Het subonderdeel klaagt mijns inziens terecht dat voor het vereiste causale verband tussen het implementatiegebrek en de door [verweerder] gestelde schade niet van belang is of [verweerder], ook in de fictieve situatie van een tijdige implementatie, wel of niet gebruik zou hebben gemaakt van de mogelijkheid om vakantie te genieten, maar of hij daartoe (in de zin van art. 7:640a BW) wel of niet redelijkerwijs in staat is geweest. In het geval dat [verweerder] redelijkerwijs in staat zou zijn geweest vakantie op te nemen maar daarvan heeft afgezien, zouden de betrokken vakantiedagen ook bij een tijdige en behoorlijke implementatie zes maanden na de laatste dag van het kalenderjaar waarin de aanspraak was verworven, zijn vervallen.
Subonderdeel 2.3 betoogt - verkort weergegeven - dat, indien ’s hofs beslissing in rov. 5.4 dat de minister zou hebben onderkend, en als reden zou hebben genoemd om aan de wetswijziging geen terugwerkende kracht te verlenen, dat belanghebbenden als [verweerder] geen rekening ermee behoefden te houden dat zij ooit met genoemd bewijs zouden worden belast, terwijl bewijsvergaring over een periode in het verleden lastig is, (mede) dragend is voor zijn beslissing dat causaal verband bestaat tussen het (onrechtmatige) handelen van de Staat en de schade van [verweerder], die beslissing rechtens onjuist is, althans zonder nadere motivering, die ontbreekt, onbegrijpelijk is.
De klacht van het subonderdeel faalt bij gebrek aan feitelijke grondslag. De bedoelde passage in rov. 5.4 vormt niet een noodzakelijke schakel in de motivering van het oordeel dat er causaal verband bestaat tussen het onrechtmatig handelen van de Staat en de schade van [verweerder]. Zij betreft kennelijk niet meer dan het door het hof gehanteerde (en op zichzelf niet onjuiste) uitgangspunt “dat aan het bewijs van een fictieve situatie in het verleden niet te hoge eisen mogen worden gesteld”.
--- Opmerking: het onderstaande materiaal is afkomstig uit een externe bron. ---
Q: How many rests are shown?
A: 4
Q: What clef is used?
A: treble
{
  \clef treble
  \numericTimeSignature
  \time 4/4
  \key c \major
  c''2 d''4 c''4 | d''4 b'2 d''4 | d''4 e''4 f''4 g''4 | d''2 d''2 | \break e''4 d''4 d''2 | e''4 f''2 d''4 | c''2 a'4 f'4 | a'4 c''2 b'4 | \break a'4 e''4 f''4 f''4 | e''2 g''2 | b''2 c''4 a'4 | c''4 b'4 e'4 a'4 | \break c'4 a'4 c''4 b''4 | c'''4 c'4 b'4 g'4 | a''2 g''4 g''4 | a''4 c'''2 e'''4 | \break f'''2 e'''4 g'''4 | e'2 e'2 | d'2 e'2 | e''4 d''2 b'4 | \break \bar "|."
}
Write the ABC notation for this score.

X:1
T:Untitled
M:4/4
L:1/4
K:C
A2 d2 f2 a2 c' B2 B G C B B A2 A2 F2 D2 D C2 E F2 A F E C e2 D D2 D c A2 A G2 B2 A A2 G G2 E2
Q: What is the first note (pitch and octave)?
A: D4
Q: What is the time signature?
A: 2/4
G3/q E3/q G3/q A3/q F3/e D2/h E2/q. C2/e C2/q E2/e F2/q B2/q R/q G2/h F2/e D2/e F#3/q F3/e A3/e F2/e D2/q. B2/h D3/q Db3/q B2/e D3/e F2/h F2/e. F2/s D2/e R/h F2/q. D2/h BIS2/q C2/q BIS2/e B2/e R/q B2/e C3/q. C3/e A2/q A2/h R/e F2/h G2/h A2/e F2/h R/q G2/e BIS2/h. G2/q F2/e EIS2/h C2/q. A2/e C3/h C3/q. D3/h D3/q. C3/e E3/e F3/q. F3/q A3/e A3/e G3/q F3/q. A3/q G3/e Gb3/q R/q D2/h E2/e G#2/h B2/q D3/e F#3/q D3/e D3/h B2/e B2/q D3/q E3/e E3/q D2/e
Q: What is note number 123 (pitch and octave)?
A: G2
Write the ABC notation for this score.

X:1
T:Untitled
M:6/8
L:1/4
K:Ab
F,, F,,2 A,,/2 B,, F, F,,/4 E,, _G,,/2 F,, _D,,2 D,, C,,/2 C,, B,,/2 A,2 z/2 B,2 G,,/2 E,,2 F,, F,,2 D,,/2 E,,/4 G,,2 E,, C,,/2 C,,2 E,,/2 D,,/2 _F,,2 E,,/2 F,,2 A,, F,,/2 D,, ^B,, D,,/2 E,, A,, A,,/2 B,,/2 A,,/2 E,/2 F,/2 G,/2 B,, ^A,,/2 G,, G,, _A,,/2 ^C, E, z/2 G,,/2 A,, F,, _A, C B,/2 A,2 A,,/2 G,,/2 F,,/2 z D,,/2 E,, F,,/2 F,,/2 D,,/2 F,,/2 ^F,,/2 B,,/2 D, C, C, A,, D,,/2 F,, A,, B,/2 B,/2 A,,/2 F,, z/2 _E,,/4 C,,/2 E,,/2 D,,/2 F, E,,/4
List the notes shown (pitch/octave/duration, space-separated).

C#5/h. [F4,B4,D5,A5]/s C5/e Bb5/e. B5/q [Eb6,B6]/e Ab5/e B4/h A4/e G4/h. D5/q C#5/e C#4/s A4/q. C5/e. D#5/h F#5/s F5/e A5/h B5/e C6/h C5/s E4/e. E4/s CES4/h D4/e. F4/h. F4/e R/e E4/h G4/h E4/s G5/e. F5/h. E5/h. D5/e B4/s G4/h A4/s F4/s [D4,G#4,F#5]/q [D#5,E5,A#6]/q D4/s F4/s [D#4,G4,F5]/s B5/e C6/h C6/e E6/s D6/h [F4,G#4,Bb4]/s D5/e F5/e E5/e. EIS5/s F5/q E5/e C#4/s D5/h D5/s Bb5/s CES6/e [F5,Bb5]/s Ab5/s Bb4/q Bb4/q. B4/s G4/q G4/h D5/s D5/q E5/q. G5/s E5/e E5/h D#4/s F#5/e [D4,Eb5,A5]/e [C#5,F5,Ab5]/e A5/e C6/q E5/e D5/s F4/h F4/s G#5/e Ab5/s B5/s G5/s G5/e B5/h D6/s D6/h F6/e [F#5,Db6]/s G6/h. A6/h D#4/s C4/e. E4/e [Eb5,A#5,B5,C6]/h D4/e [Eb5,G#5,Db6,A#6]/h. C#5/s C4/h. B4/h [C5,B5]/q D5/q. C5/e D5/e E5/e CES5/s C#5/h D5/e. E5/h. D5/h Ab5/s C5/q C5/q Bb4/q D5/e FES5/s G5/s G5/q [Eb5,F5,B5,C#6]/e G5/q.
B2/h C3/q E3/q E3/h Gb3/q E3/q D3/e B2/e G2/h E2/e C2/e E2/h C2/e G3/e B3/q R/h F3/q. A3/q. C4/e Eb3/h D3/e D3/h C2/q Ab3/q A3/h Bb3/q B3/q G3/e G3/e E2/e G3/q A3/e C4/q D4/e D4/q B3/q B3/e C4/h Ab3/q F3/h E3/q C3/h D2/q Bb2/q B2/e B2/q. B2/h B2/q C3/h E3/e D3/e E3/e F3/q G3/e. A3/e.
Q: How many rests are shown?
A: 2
Subonderdeel 2.4 richt zich tegen het oordeel in rov. 5.4 dat, indien ervan zou moeten worden uitgegaan dat in de fictieve situatie een vervaltermijn zou hebben gegolden, [verweerder] zich bij tijdige invoering van de in geding zijnde wetswijzigingen bewust had kunnen/moeten zijn van de vervaltermijn en dus een reële mogelijkheid zou hebben gehad verval te voorkomen, door voor het einde van de vervaltermijn de vakantiedagen op te nemen, welke mogelijkheid hem nu is ontnomen.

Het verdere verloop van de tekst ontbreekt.